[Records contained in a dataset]
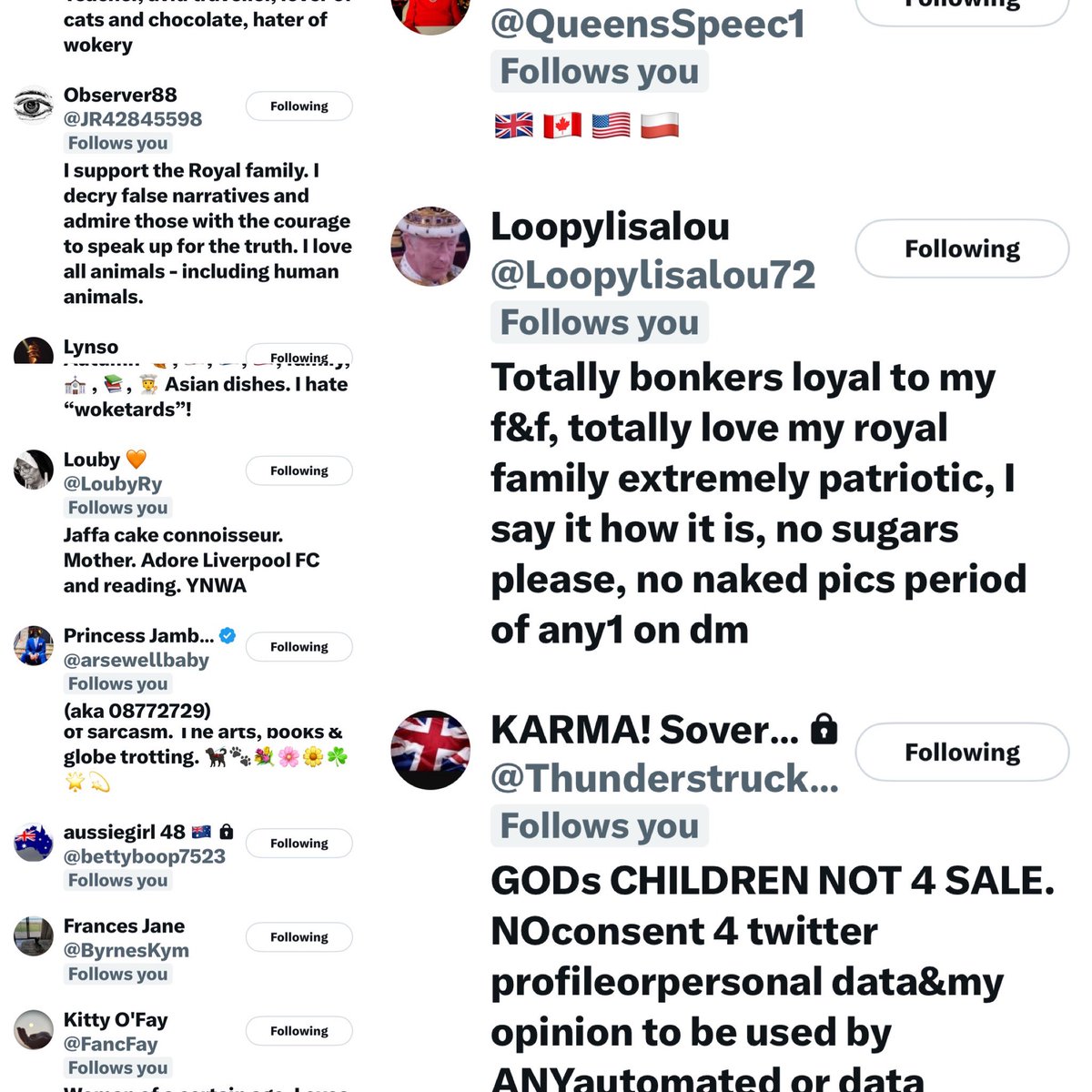 The_truthwinz's tweet photo. ➡️⛔️❗️@dellartful ⛔️❗️⬅️
Still quite a few Royal accounts following this account who has been playing BOTH sides
What’s she’s said about Catherine and William is nothing short of disgusting!
She’s had quite a few fooled! #SussexSquadDisgustMe #Traitor #SquadAlert #Royalist https://t.co/F6eNGT6EOn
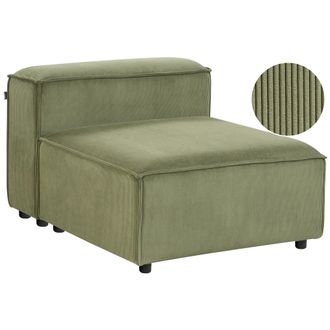 Beliani Sill&oacute;n Modular Moderno Tapizado Secci&oacute;n 1 Plaza Elemento Modular De Sof&aacute; Asiento Patas Negras Pana Verde Ardal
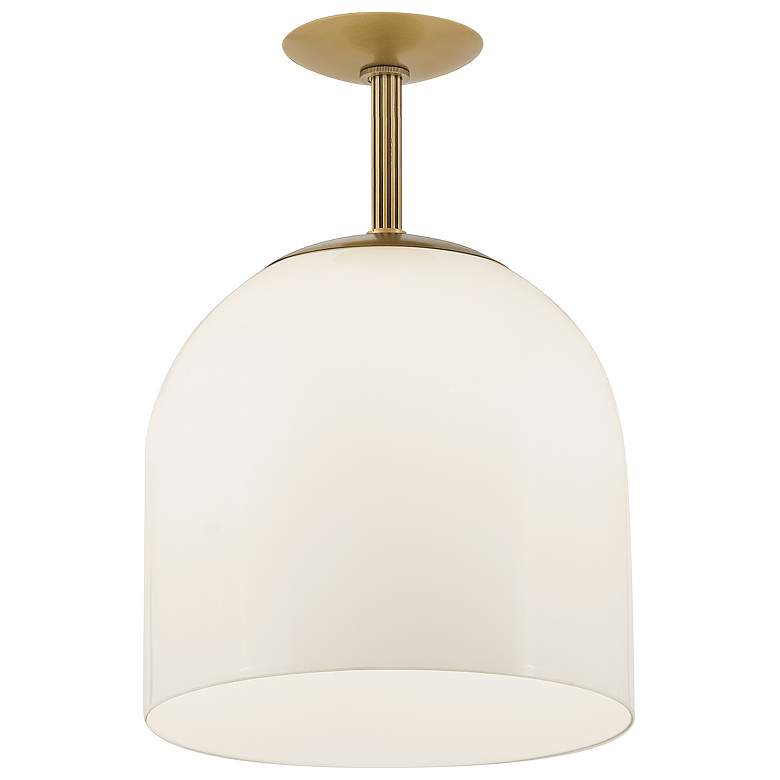 Image 7 Hinkley Willa 12" Wide Heritage Brass and White Glass Modern Pendant more views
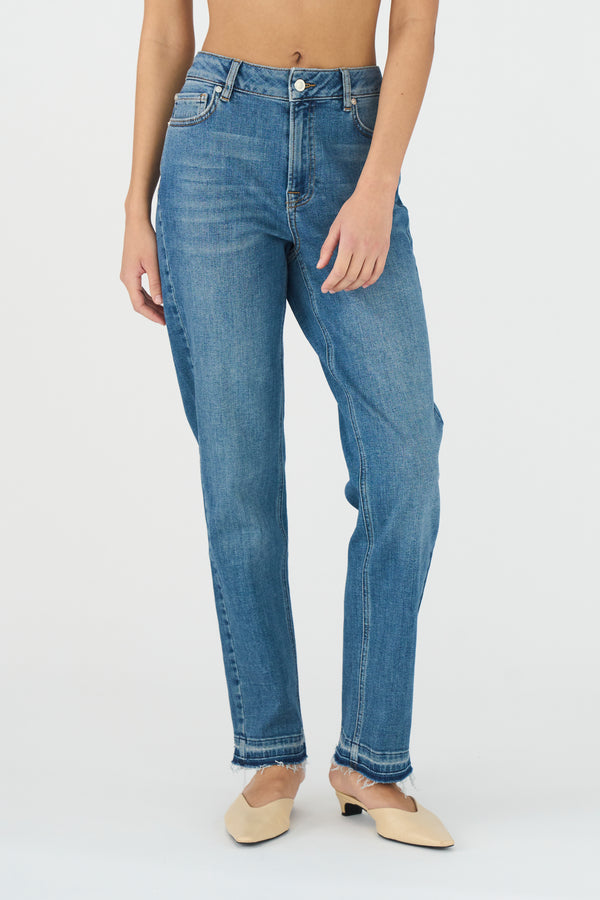 Ivy Copenhagen IVY-Tonya Cropped Hem Jeans Wash Greenwich Denim Blue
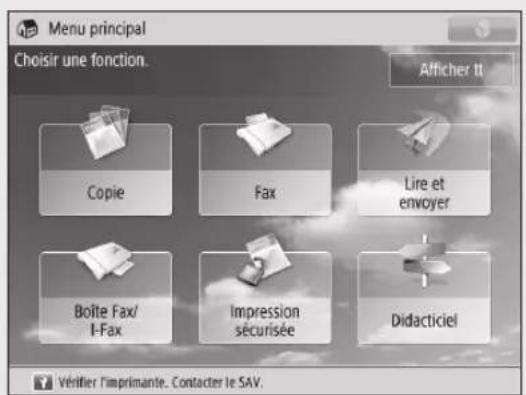 CANON imageRUNNER ADVANCE C3330i - Si un message apparait sur l'afficheur tactile - 1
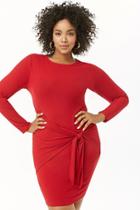 Forever21 Plus Size Ribbed Tie-front Dress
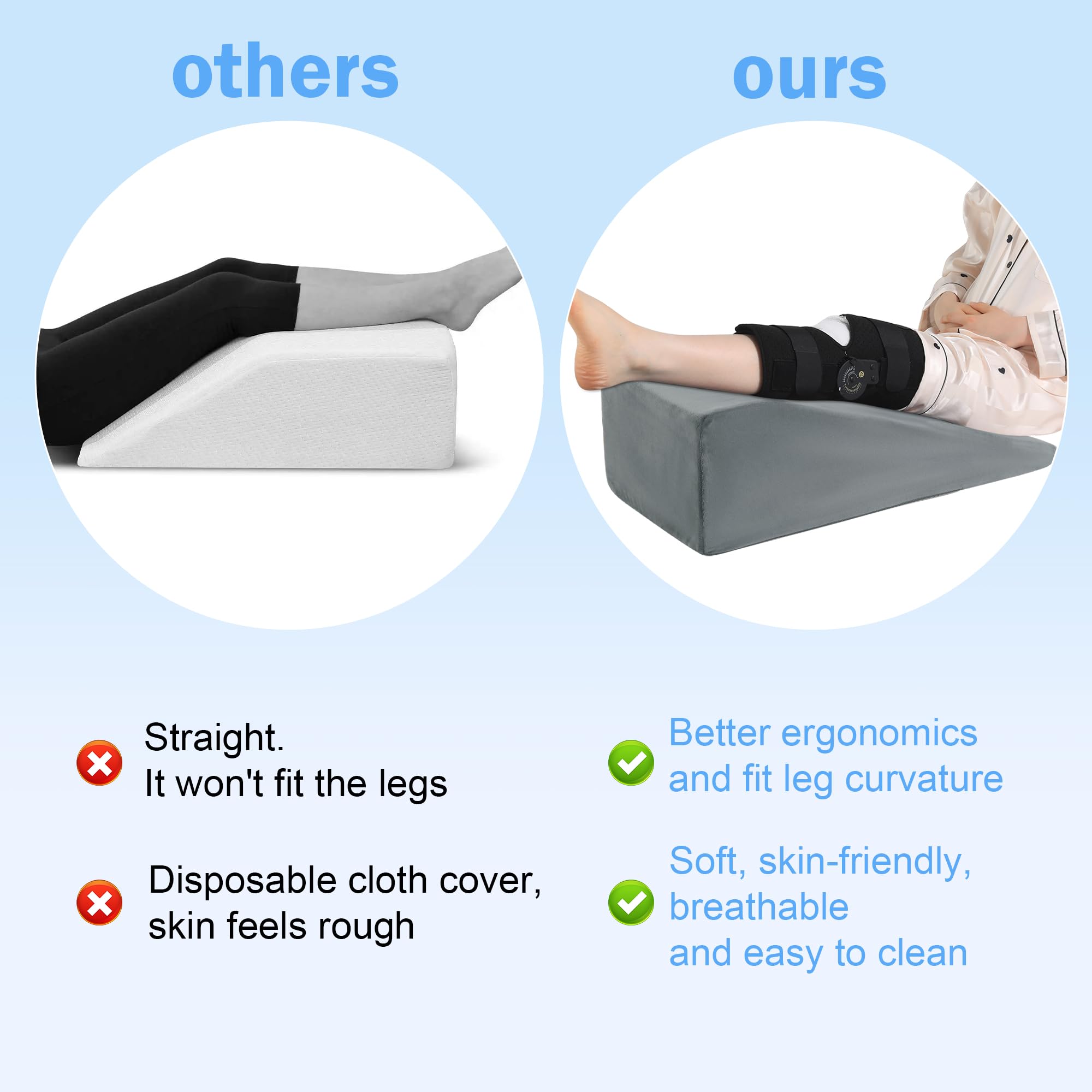 ROYALAY in use on a bed demonstrating comfortable leg positioning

**Exercise aim**
Exclude the images and reproduce the remaining data exactly.

**Written response**
 The_truthwinz's tweet photo. ➡️⛔️❗️@dellartful ⛔️❗️⬅️
Still quite a few Royal accounts following this account who has been playing BOTH sides
What’s she’s said about Catherine and William is nothing short of disgusting!
She’s had quite a few fooled! #SussexSquadDisgustMe #Traitor #SquadAlert #Royalist https://t.co/F6eNGT6EOn
 Beliani Sill&oacute;n Modular Moderno Tapizado Secci&oacute;n 1 Plaza Elemento Modular De Sof&aacute; Asiento Patas Negras Pana Verde Ardal
 Image 7 Hinkley Willa 12" Wide Heritage Brass and White Glass Modern Pendant more views
 Ivy Copenhagen IVY-Tonya Cropped Hem Jeans Wash Greenwich Denim Blue
 CANON imageRUNNER ADVANCE C3330i - Si un message apparait sur l'afficheur tactile - 1
 Forever21 Plus Size Ribbed Tie-front Dress
 ROYALAY in use on a bed demonstrating comfortable leg positioning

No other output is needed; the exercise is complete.